Exercise objective:
Please return exactly the lines from the one containing "Car racing at" through the end of the records, including both.

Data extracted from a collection
════════════════════
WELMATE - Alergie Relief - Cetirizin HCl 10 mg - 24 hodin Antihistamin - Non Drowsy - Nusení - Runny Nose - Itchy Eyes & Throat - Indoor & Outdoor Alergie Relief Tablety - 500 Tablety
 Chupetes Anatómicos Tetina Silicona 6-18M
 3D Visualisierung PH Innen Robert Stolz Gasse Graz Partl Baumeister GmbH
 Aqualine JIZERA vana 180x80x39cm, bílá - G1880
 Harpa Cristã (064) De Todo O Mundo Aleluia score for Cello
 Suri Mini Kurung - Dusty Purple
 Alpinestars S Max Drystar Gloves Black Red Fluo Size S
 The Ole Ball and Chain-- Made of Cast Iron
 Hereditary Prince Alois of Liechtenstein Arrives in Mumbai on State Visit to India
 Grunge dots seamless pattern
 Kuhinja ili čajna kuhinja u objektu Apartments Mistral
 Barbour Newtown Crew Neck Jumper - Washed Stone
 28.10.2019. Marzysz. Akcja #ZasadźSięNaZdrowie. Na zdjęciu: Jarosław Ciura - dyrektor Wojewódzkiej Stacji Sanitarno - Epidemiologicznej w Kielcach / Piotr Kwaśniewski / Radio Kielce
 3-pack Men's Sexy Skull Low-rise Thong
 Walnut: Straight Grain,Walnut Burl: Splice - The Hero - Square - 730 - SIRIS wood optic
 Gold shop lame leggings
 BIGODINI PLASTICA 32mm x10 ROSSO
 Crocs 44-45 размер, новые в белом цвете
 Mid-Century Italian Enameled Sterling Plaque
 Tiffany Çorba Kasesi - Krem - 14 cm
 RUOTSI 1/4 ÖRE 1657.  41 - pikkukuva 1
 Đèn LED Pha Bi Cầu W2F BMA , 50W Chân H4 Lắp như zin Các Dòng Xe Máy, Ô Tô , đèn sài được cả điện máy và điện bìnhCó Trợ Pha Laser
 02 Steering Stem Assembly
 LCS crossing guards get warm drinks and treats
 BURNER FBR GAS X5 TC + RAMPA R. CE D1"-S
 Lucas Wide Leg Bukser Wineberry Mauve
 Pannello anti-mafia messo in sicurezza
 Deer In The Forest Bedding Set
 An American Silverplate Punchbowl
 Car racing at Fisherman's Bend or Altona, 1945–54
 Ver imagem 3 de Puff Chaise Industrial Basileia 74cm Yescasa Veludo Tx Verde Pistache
════════════════════
Output for this exercise:
 Car racing at Fisherman's Bend or Altona, 1945–54
 Ver imagem 3 de Puff Chaise Industrial Basileia 74cm Yescasa Veludo Tx Verde Pistache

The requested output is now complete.